Para a professora Fernanda Gil Costa, antiga directora do Departamento de Português da Universidade de Macau, actualmente professora catedrática da Faculdade de Letras de Lisboa, o trabalho desenvolvido por Márcia Schmaltz na área da tradução foi de grande relevância: “Não é possível medir a sua importância”. “Ela teve um papel importante na tradução da literatura brasileira para o chinês”, acrescenta, recordando ainda o seu trabalho na organização da semana brasileira de Macau: “A actividade como representante da cultura brasileira e de exposição à cultura chinesa na lusofonia foi sempre importante”.

“Quando a notícia da sua morte foi conhecida, aqui em Lisboa ficámos todos consternadíssimos”, lamenta a professora, que conviveu com Márcia Schmaltz durante quatro anos na UM. “Represento a opinião de muitas pessoas quando digo que foi uma colega que teve um trabalho bastante meritório e notável”, afirma.

Márcia Schmaltz também colaborou com o blogue “Extramuros”, cuja missão é levar a China até à população que fala português, como explica Catarina Domingues, jornalista e editora do projecto. Desde 2016 até ao início de 2018, altura em que lhe foi diagnosticada a doença, Márcia publicou textos sobre literatura chinesa. “Ela era tradutora-intérprete, falava mandarim perfeito, fazia traduções de obras de língua chinesa para português, escrevia sobre obras chinesas, a maior parte delas nem tinham sido traduzidas para português”, lembra Catarina. “Escreveu sobre o ‘Problema dos Três Corpos’, de Cixin Liu, que é de ficção científica chinesa, e em Portugal, em Angola ou no Brasil, ninguém ouviu falar em ficção científica chinesa, e escreveu também sobre escritores contemporâneos chineses”, refere, acrescentando que “ela fazia parte de uma comunidade muito restrita que fazia tradução directa do chinês para o português”. “Ela era uma apaixonada pela literatura e pela tradução, sabia muito mais do que eu, de modo que não custava nada editar os textos dela.

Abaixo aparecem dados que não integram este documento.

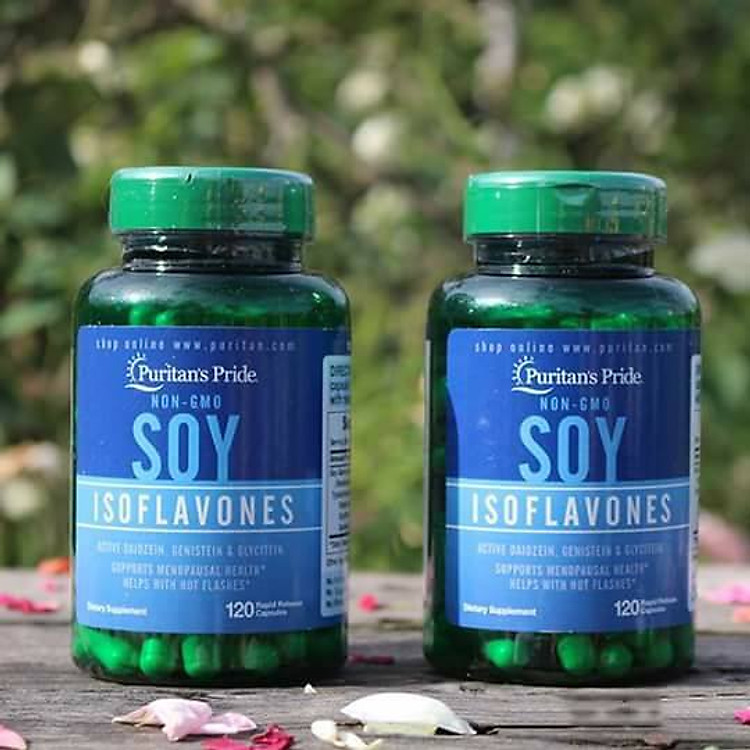 Combo 2 lọ thực phẩm chức năng Tinh chất mầm đậu nành - Non GMO Soy Isoflavones 750 mg (120 viên)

Era uma aprendizagem para mim”, conclui a jornalista.

3 comments

  1. É profundamente lamentável quando uma pessoa tão cheia de conhecimento deixa esta dimensão; fica um vazio imensurável na área do cohecimento deste ser humano. Ela nos deixa órfãos de seu potencial.
    Mestra Márcio, que a sua nova morada lhe acolha com o carinho que você merece.

  2. Perdemos a maior escritóra …A mulher que fez das letras o sabor de saber que a literatura precisa ser cada mais significativa nas escolas Públicas .Vamos juntos na luta de fazer das mágicas de Márcia permanecer sempre viva no universo.Beij Marcccccccc hj.

  3. Mais que um vazio, Marcia deixa um mapa de viagem. Que surjam muitos aventureiros dispostos a desbravar esses roteiros criados com tanto amor!